A. An image of self-containment -- everything you need is within you. Be true to your Self.

B. Self-reliance implies receptivity to intuition.

Line 3

Legge: The third line, magnetic, shows its subject having met with her mate. Now she beats her drum, and now she leaves off. Now she weeps, and now she sings.

Wilhelm/Baynes: He finds a comrade. Now he beats the drum, now he stops. Now he sobs, now he sings. [Here the source of a man’s strength lies not in himself but in his relation to other people. No matter how close to them he may be, if his center of gravity depends on them, he is inevitably tossed to and fro between joy and sorrow.]

Blofeld: He makes an enemy. Beating a drum by fits and starts, he weeps and sings in turn. [We are conscious of having made an enemy, but we cannot make up our minds what to do about it. The implication is that we should have more courage.]

Liu: One meets a person. Suddenly he beats a drum, and suddenly he stops; then he weeps, then he sings. [You can expect to gain sometimes, but also to lose sometimes; in happiness hides sadness, but from sadness will spring joy.]

Ritsema/Karcher: Acquiring antagonism. Maybe drumbeating, maybe desisting. Maybe weeping, maybe singing.

Shaughnessy: Getting an enemy: now drumming, now weary, now crying, now singing.

Cleary (1): Finding enemies , sometimes drumming, sometimes stopping, sometimes crying, sometimes singing. [Believing in what is not to be believed will inevitably destroy faith. This is faith that takes the false to be true.]

Cleary (2): Finding a mate … etc. [All of this is due to lack of virtuous qualities and being out of place.]

Wu: He meets with his counterpart. Sometimes he drums, sometimes he stops, sometimes he wails, and sometimes he sings.

 

COMMENTARY

Confucius/Legge: The position of the line is not the appropriate one for it. Wilhelm/ Baynes: The place is not appropriate. Blofeld: His beating the drum by fits and starts is indicated by the unsuitable position of this line. Ritsema/Karcher: Situation not appropriate indeed. Cleary (2): The position is not appropriate. Wu: Because he is out of place. [The judgment describes how circumstances may influence the action of a person, but makes no comments on his behaviors.]

Legge: The mate of line three is line six. Although they are matched as correlates, each is in an inappropriate place.
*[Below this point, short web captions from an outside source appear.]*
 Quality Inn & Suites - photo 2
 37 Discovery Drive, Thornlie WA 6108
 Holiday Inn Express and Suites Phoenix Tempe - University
The idea is that sincerity, not left to itself, is influenced from outside which causes changes and uncertainty in one's moods.

 

NOTES AND PARAPHRASES

Siu: The man depends on others for his joys and sorrows, which generates an uncertainty of moods. His sincerity is impure and contaminated with external influences.

Wing: You depend upon your external relationships to dictate your mood or to gauge your confidence in yourself. This can sometimes elevate you to the heights of joy or banish you to the depths of despair. Possibly you may enjoy such range in emotion.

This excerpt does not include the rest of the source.